TASK DIRECTIONS: Exact reproduction of every record is required, and pictures are to be excluded.

────────────────────────────────────────

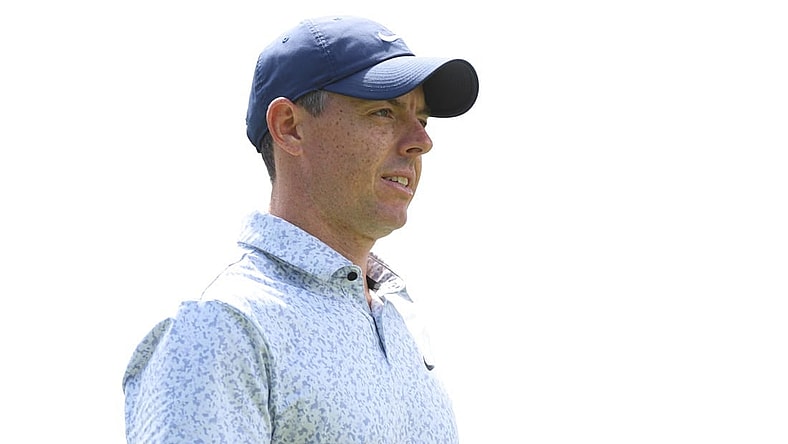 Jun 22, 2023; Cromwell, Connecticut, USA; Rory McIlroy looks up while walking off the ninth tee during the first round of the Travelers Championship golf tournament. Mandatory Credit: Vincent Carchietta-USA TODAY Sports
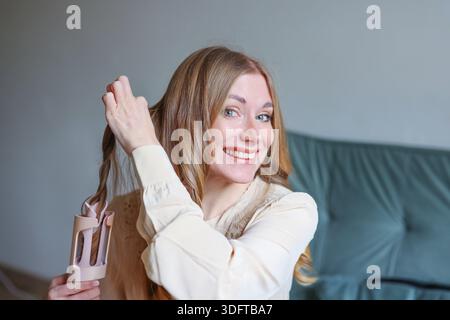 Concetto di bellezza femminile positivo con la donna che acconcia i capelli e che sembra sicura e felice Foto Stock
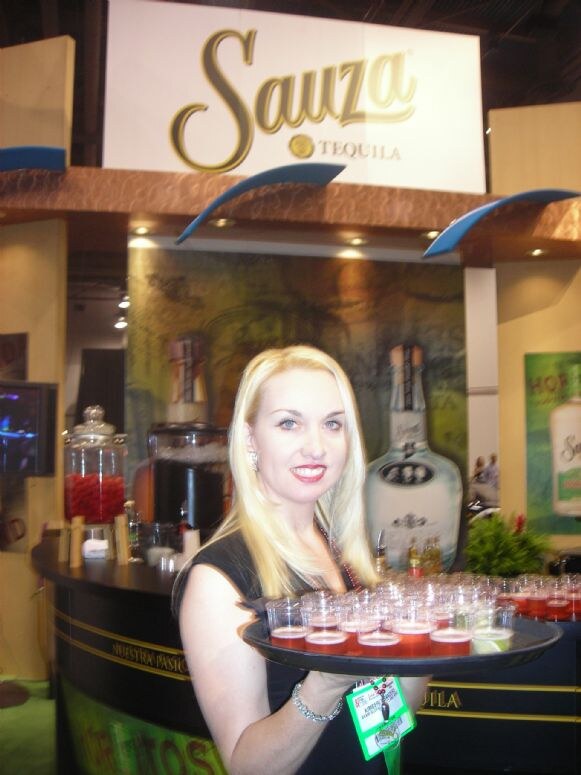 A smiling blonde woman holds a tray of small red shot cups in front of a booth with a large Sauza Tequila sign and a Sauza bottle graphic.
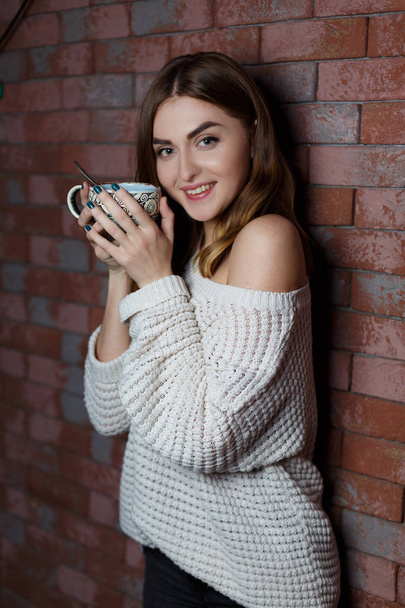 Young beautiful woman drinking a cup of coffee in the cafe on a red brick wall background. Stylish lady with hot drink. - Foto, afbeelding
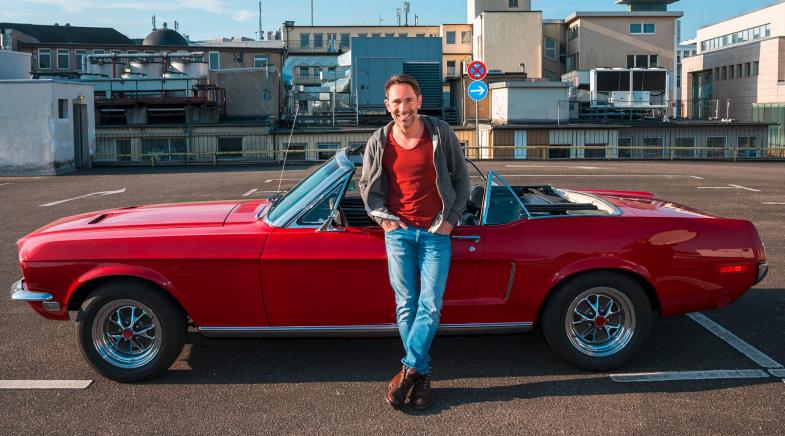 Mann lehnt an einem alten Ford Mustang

────────────────────────────────────────

TASK RESPONSE:
 Jun 22, 2023; Cromwell, Connecticut, USA; Rory McIlroy looks up while walking off the ninth tee during the first round of the Travelers Championship golf tournament. Mandatory Credit: Vincent Carchietta-USA TODAY Sports
 Concetto di bellezza femminile positivo con la donna che acconcia i capelli e che sembra sicura e felice Foto Stock
 A smiling blonde woman holds a tray of small red shot cups in front of a booth with a large Sauza Tequila sign and a Sauza bottle graphic.
 Young beautiful woman drinking a cup of coffee in the cafe on a red brick wall background. Stylish lady with hot drink. - Foto, afbeelding
 Mann lehnt an einem alten Ford Mustang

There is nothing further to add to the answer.